Aufgrund dieser BFH-Rechtsprechung hat die Verwaltung mit BMF-Schreiben v. 08.06.2017 ihre Auffassung zum Anwendungsbereich der Steuerbefreiung für ehrenamtliche Tätigkeit konkretisiert. Danach ist eine Tätigkeit, die in einem anderen Gesetz oder im allgemeinen Sprachgebrauch als ehrenamtlich bezeichnet wird, nicht zwangsläufig nach § 4 Nr. 26 UStG umsatzsteuerfrei. Ein Automatismus, der jegliche weitere Prüfung mit Bezug zum rechtlichen Kern des Begriffs „Ehrenamt“ von vornherein ausschließt, entspricht nach der Verwaltungsauffassung nicht dem Sinn und Zweck der Umsatzsteuerbefreiung. Eine weitergehende Überprüfung anhand der Kriterien des materiellen Begriffs der Ehrenamtlichkeit ist aber dann, wenn die Tätigkeit des Unternehmers für den Hoheitsbereich einer jPöR (vgl. Abschn. 4.26.1 Abs. 2 Satz 1 UStAE) in einem formellen oder materiellen Gesetz ausdrücklich als ehrenamtlich bezeichnet ist, nur ausnahmsweise in den Fällen erforderlich, in denen die Anwendung des Begriffs der Ehrenamtlichkeit auf die Tätigkeit mit der gebotenen engen Auslegung dieses Begriffs ausnahmsweise nicht mehr vereinbar ist, insbesondere wenn sie in einem Umfang ausgeführt wird, bei dem die Annahme einer beruflichen Ausübung nicht mehr ausgeschlossen werden kann.
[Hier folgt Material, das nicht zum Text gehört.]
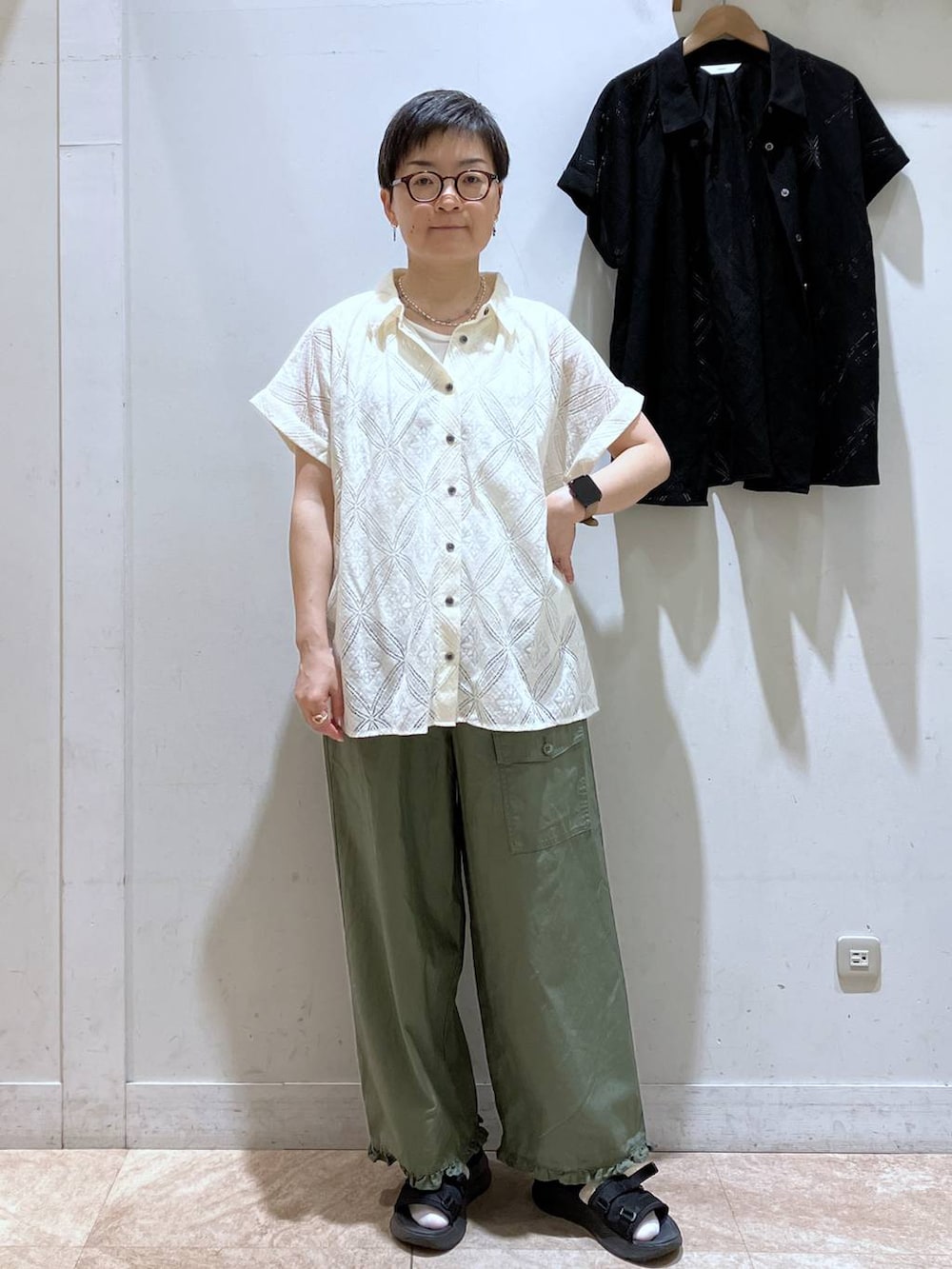 ベージュ系のシャツ/ブラウス、グリーン系のその他パンツ、ホワイト系のTシャツ/カットソーを着用したレディースの夏コーディネートの2枚目の写真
Abschnitt 4.26.1 Abs. 1 UStAE wurde mit dem BMF-Schreiben im Wesentlichen neu gefasst. Die Annahme der Ehrenamtlichkeit kraft gesetzlicher Regelung erfordert danach die Benennung in einem materiellen oder formellen Gesetz. Eine Ehrenamtlichkeit kraft gesetzlicher Regelung ist allerdings nicht anzunehmen, wenn es sich um eine Bestimmung in einer im Bereich der Selbstverwaltung erlassenen Satzung handelt. Die Tätigkeit im Aufsichtsrat einer Volksbank wird im allgemeinen Sprachgebrauch herkömmlicherweise nicht als ehrenamtlich bezeichnet. Ergibt sich die Bezeichnung „ehrenamtlich“ weder aus einem Gesetz noch lässt sich ein diesbezüglicher Sprachgebrauch ermitteln, bedarf es einer Bestimmung des materiellen Begriffsinhalts. Im öffentlich-rechtlichen Bereich ist darunter die unentgeltliche Mitwirkung natürlicher Personen bei der Erfüllung öffentlicher Aufgaben zu verstehen, die auf Grund behördlicher Bestellung außerhalb eines haupt- oder nebenamtlichen Dienstverhältnisses stattfindet und für die lediglich eine Entschädigung besonderer Art gezahlt wird. Bei einer Tätigkeit für den nicht-öffentlichen Bereich kommt es nach dem materiellen Begriffsinhalt auf das Fehlen eines eigennützigen Erwerbsstrebens, die fehlende Hauptberuflichkeit und den Einsatz für eine fremdnützig bestimmte Einrichtung an. Danach kann sowohl die Tätigkeit eines Ratsmitgliedes im Aufsichtsrat einer kommunalen Eigengesellschaft als auch die Tätigkeit in Gremien der berufsständischen Kammern und Verbände eine ehrenamtliche Tätigkeit i.S.v. § 4 Nr. 26 UStG sein.

Praxishinweis

Dass die Bezeichnung einer Tätigkeit als Ehrenamt in einem materiellen Gesetz für die Annahme einer Befreiung nicht genügt, hatte sich bereits aus den BFH-Urteilen v. 20.08.2009, V R 32/08 und v. 14.05.2008, XI R 70/07 ergeben. Das BFH-Urteil . 17.12.2015, V R 45/14 ist daher vom Ergebnis – Versagung der Steuerbefreiung auch bei einem Vorstandsmitglied einer Sparkasse – nicht überraschend. Bereits aufgrund der genannten früheren Urteile des BFH hatte die Verwaltung die Auffassung vertreten, dass die Ehrenamtlichkeit kraft gesetzlicher Regelung nicht anzunehmen ist, wenn es sich um eine Bestimmung in einer im Bereich der Selbstverwaltung erlassenen Satzung handelt.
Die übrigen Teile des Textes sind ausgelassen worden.